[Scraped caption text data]
★ ★ ★ ★

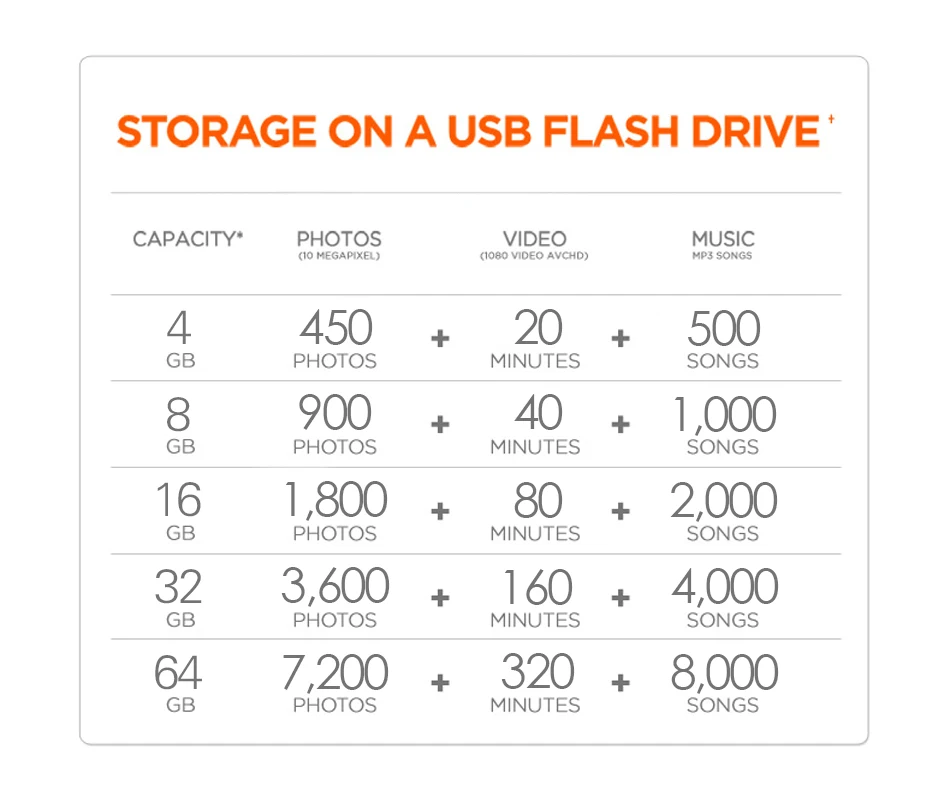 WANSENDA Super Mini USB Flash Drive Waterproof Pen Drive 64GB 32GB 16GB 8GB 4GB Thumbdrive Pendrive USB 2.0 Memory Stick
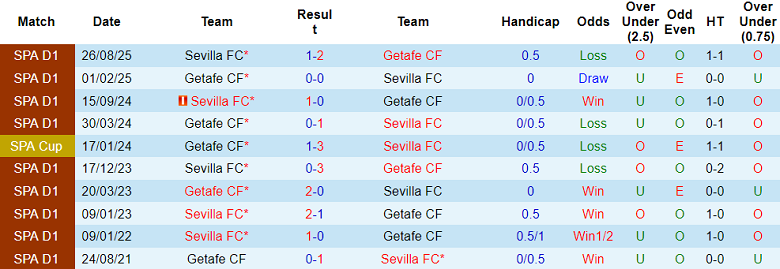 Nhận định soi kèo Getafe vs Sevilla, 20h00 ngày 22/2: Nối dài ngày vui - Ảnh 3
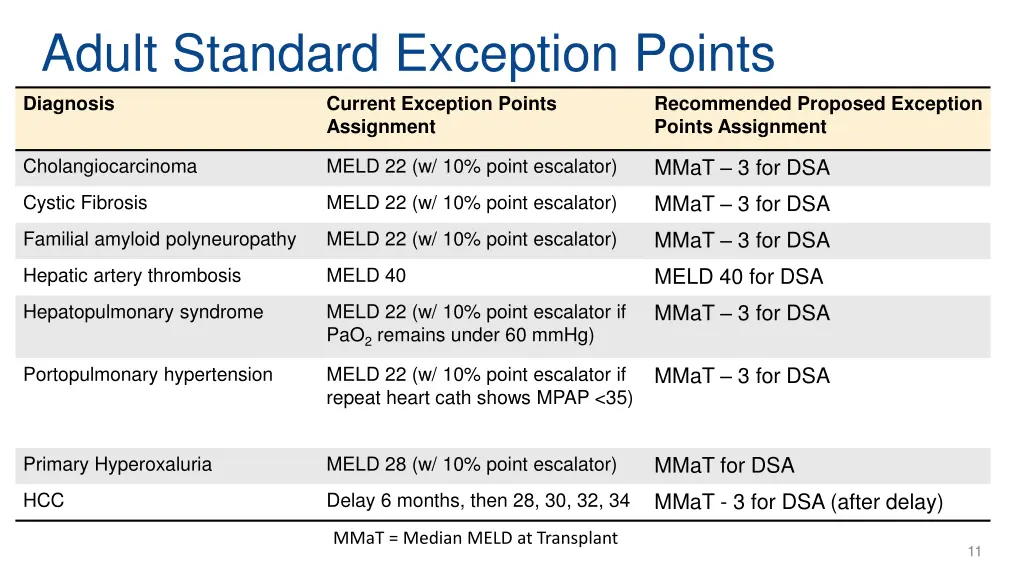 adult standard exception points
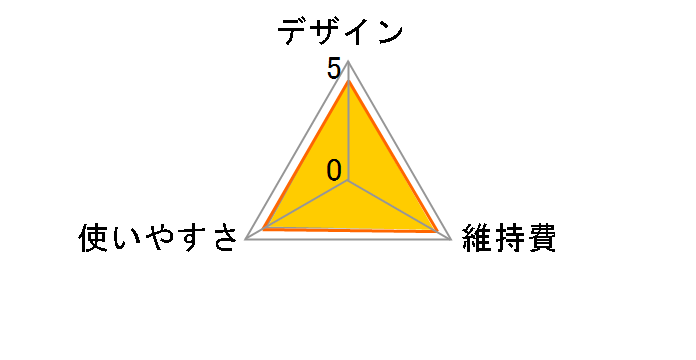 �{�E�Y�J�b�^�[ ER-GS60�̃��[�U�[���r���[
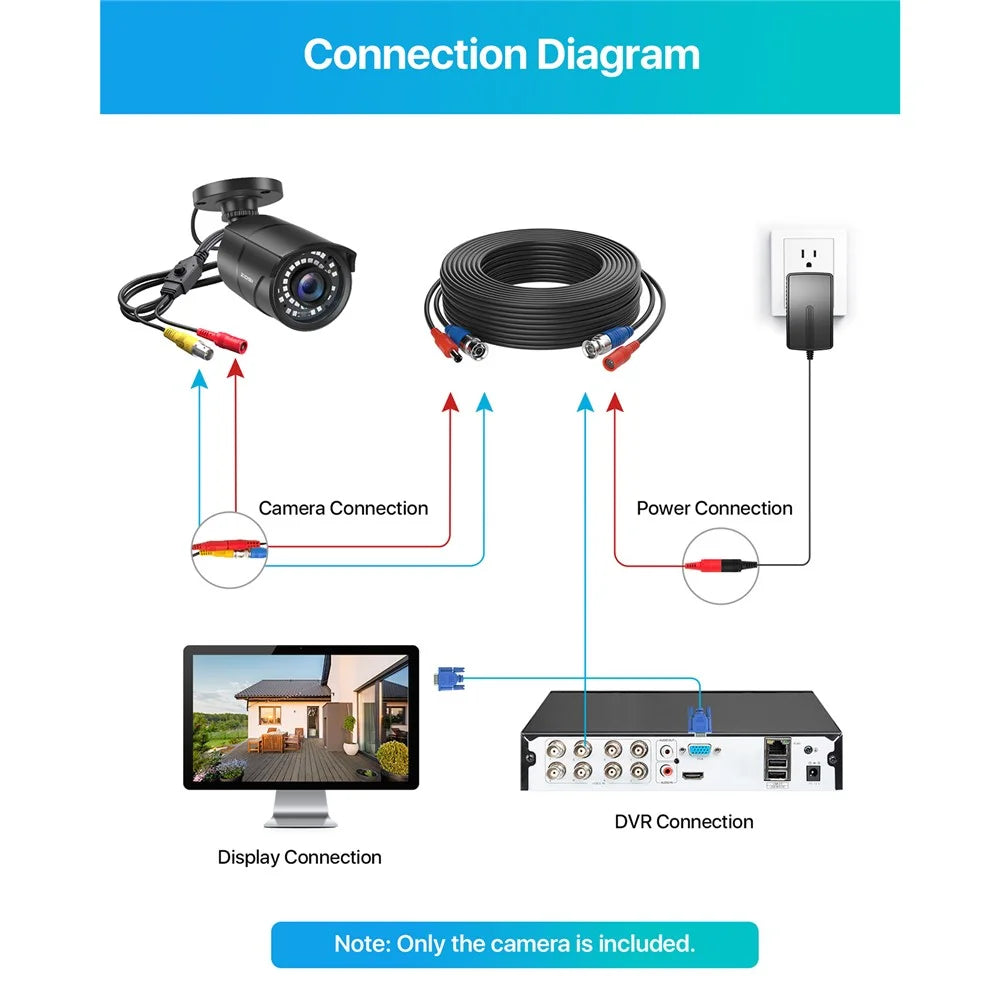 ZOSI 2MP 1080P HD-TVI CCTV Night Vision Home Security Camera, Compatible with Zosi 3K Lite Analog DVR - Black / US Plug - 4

★ ★ ★ ★

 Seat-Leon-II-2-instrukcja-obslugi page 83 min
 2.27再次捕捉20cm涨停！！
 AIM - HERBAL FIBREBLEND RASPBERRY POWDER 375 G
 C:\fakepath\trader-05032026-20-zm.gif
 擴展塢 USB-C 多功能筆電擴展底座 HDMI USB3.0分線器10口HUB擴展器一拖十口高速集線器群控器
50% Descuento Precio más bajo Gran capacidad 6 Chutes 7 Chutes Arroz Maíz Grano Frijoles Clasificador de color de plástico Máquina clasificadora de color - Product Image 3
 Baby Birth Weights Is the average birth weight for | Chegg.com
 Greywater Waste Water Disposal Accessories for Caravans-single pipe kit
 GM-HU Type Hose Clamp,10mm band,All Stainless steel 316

★ ★ ★ ★

### Problem to solve
From the records above, copy only the lines starting with the line that holds "2.27再次捕捉20cm涨停！！" and going on through the line that holds "GM-HU Type Hose", exactly as written.

### Exercise result
 2.27再次捕捉20cm涨停！！
 AIM - HERBAL FIBREBLEND RASPBERRY POWDER 375 G
 C:\fakepath\trader-05032026-20-zm.gif
 擴展塢 USB-C 多功能筆電擴展底座 HDMI USB3.0分線器10口HUB擴展器一拖十口高速集線器群控器
50% Descuento Precio más bajo Gran capacidad 6 Chutes 7 Chutes Arroz Maíz Grano Frijoles Clasificador de color de plástico Máquina clasificadora de color - Product Image 3
 Baby Birth Weights Is the average birth weight for | Chegg.com
 Greywater Waste Water Disposal Accessories for Caravans-single pipe kit
 GM-HU Type Hose Clamp,10mm band,All Stainless steel 316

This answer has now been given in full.